In addition, the safety of long-term ICS has not been extensively studied.
Therefore, the use of Advair in COPD patients should be discouraged. V. Prescription Claims Evaluation The cost of Advair and its individual components (salmeterol, fluticasone) are shown in Table 1 below. Depending on the dose, the cost of Advair is approximately the same or less than that of individual salmeterol and fluticasone inhalers. Therefore, if used appropriately, Advair represents a convenient and cost-effective agent for the treatment of moderate to severe persistent asthma.
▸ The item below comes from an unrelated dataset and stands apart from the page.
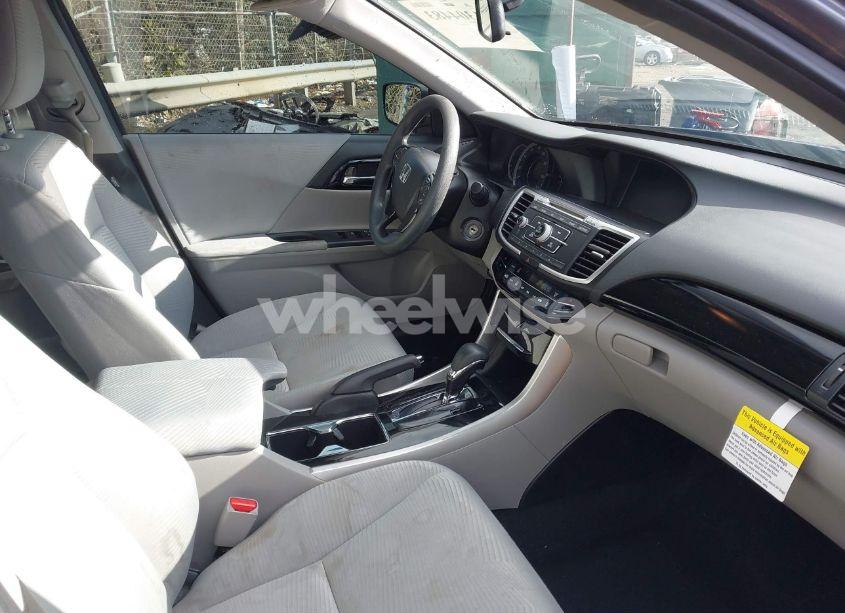 Photo 5 of 2017 Honda Accord LX (VIN 1HGCR2F38HA112732)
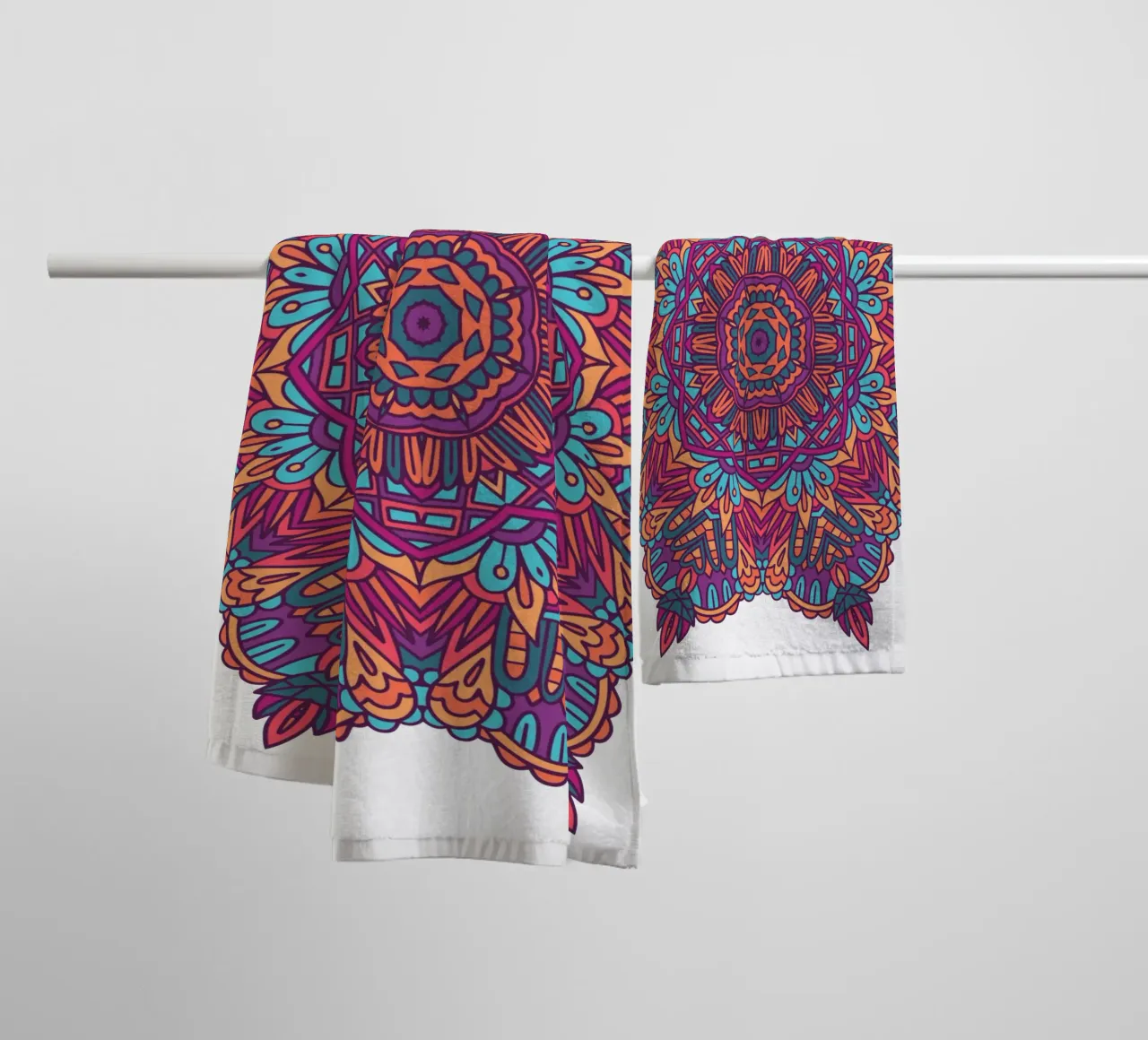 Mandala colorato e intricato asciugamano da bagno da Spiritual Touch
However, there are some concerns that combination therapy is being initiated prematurely in patients who might otherwise be adequately managed on ICS alone.
Results A total of 2144 unique patients had filled a prescription for Advair during the study months. Demographics data is conveyed in Table 2. Of these patients, 54% (1148) maintained uninterrupted eligibility, without managed care enrollment, for 3 months prior to their first fill (sentinel fill) of Advair. The mean age of this group was 53 years (SD 23). However, ages ranged from 3 to 99 years. Close to 70% of patients in this analysis were female.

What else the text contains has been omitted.